Shafran: Frum Jews should use media

Two major challenges confront the Orthodox Jewish world today; yet the very engine that drives the first challenge could provide an important means for coping with the second.

This was the theme of the sixth annual Torah Academy of Milwaukee Lecture delivered Tuesday by Rabbi Avi Shafran, director of public affairs for the Orthodox organization Agudath Israel of America.

In a talk titled “Empowering Judaism in a Media-Conscious World,” Shafran told an audience of about 100 gathered in the Harry & Rose Samson Family Jewish Community Center’s Ritz Theater that the two challenges are:

• “Keeping the larger society out as much as we can.”

• “We live in a time when the majority of our brothers and sisters, our fellow Jews, are not only unobservant but uninformed,” and their connection to Judaism and the community is “so tenuous [that] if they are not reached in some way they will be lost entirely.”

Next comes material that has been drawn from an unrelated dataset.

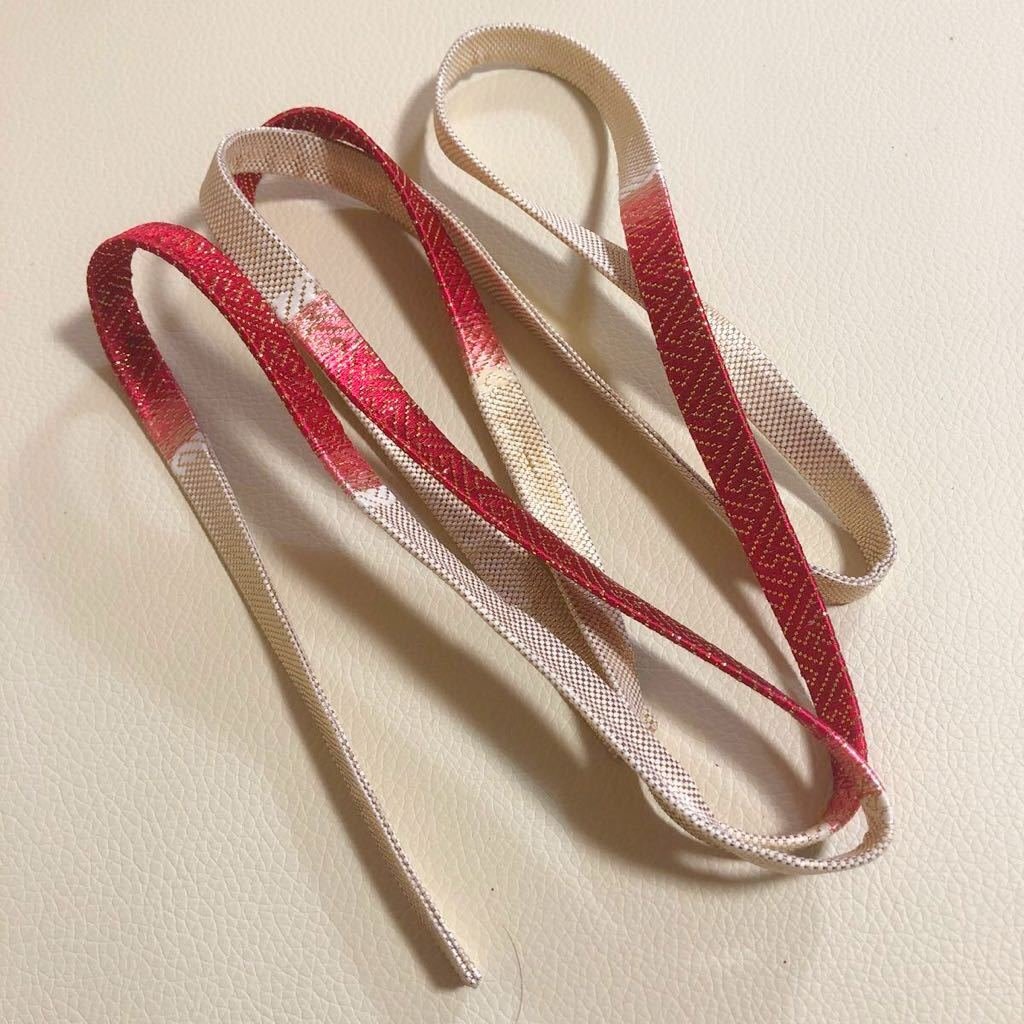 帯締 和装小物 着物 帯紐 和服 和装 レッド ホワイト 【中古】拍卖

Shafran said that modern, pervasive news, entertainment and advertising media make keeping the larger society out difficult. “We are accosted constantly with words and images that are antithetical to Torah,” he said.

Some of these are inherently and blatantly offensive, biased, inaccurate and unfair, Shafran said. He cited as an example the way recent reporting on the Palestinian intifada “mindlessly equated” the death of a Palestinian infant as an accidental result of an Israeli retaliation for a violent attack with the deliberate Palestinian murder of two 14-year-old Jewish boys.

“Fairness, it seems, has a new meaning,” Shafran said. “It has come to mean considering evil to be the equivalent of good.”

Shafran also blasted the ways Orthodox Jews often are portrayed or reported on in news media, including the Jewish press, a topic on which he wrote the cover story for Moment magazine’s February 2000 issue.

But such words and images can also carry “more subtle and insidious” messages, as in the implicitly materialistic messages of advertising, which can be found in the Orthodox community as well as outside it, Shafran said.

Nevertheless, while the world of media can be “a wild and crazy beast,” it can also be “a powerful tool” for reaching unaffiliated and uninformed Jews, Shafran said.

“The most powerful thing of all is the human word,” said Shafran. “And the power of the word is magnified by the media.”

Shafran urged his audience, who came mostly from Milwaukee’s Orthodox community, to seek and grab opportunities to bring positive aspects of Orthodox Jewish life to the attention of news media and to present them in advertising.

He acknowledged that this might be difficult, partly because of inculcated Jewish principles of modesty — “We find it hard to promote ourselves [and] sing our own praises”; partly because much of the good things about Orthodox Jewish life are commonplace and taken for granted within the community.

“Things go on that we don’t give a second thought to that other Jews would be flabbergasted” to learn of, he said.

In an interview afterward, Shafran said he does understand, but disagrees with, why many non-Orthodox Jews regard his criticisms of their movements, like his critique of Conservative Judaism in the February 2001 issue of Moment magazine, as attacks on their validity as Jews.

He said non-Orthodox Jews have told him, “You can’t attack my belief system and my synagogue and rabbi without it being an attack on me.” But Shafran said it is “a cop-out if people say I’m rejecting them…. I say I’m not and you have to accept that from me.”

Shafran said that not only does he have many “close friends who are secular Jews,” but he had a “wonderful relationship” with a now deceased uncle who was an avowed socialist and whose beliefs “were anathema to me…. In no sense did he interpret my rejection of his socialism as rejection of him.”

While he has apologized for any “hurt feelings” that may have resulted from his Moment article, “I don’t regret writing it. I think it was a reasoned critique and no more negative than a movie review or a book review.”